Director of the Doctoral College’s Blog

Thoughts and insight from Dr Benjamin Halligan

Methodology

20/04/2016  -  3.46

Dr Benjamin Halligan

Last week a few dozen postgraduate researchers, and staff from the Doctoral College, assembled for our first Doctoral College Symposium. Our theme was methodology. Or, more precisely, some aspects of the development, articulation and defence of methodology. The day included two presentations of methodologies from colleagues currently engaged in their PhD research, before and after lunch, and much time was given over to discussion.

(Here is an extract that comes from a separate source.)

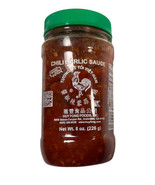 Huy Fong Foods - CHILI GARLIC SAUCE - 8oz Sriracha rooster  RARE! EXP NO... - £39.05 GBP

I wanted to begin the day by bringing in a wider context for this consideration of methodology, and so looked to the typical organisation of the PhD thesis, and how this maps onto phases of research, from the first few days to the Viva Voce to its aftermath. For this, it’s tempting to talk of the foundations of a house – that the early endeavours on the foundation are absolutely essential, even if the foundation then seems to be unseen, since any flaws in that foundation will be revealed and magnified, perhaps to the extent of causing irreparable damage, as the building of the house progresses. But this analogy, of methodology to foundation, has too much linearity. The rough fact of the matter – talking across all disciplines, and acknowledging how much each discipline can learn from the other in terms of PhD-writing techniques – is that the foundation / methodology is pretty much constantly being dug up, changed, and bedded back down again. No house builder would do that! And there are right ways to do this unearthing (revising a methodology in the light of the results of a pilot study, or test run, for example), and wrong ways too (surreptitiously patching up a methodology in the light of unexpected results, or results that question the thesis, or results that have gaps).  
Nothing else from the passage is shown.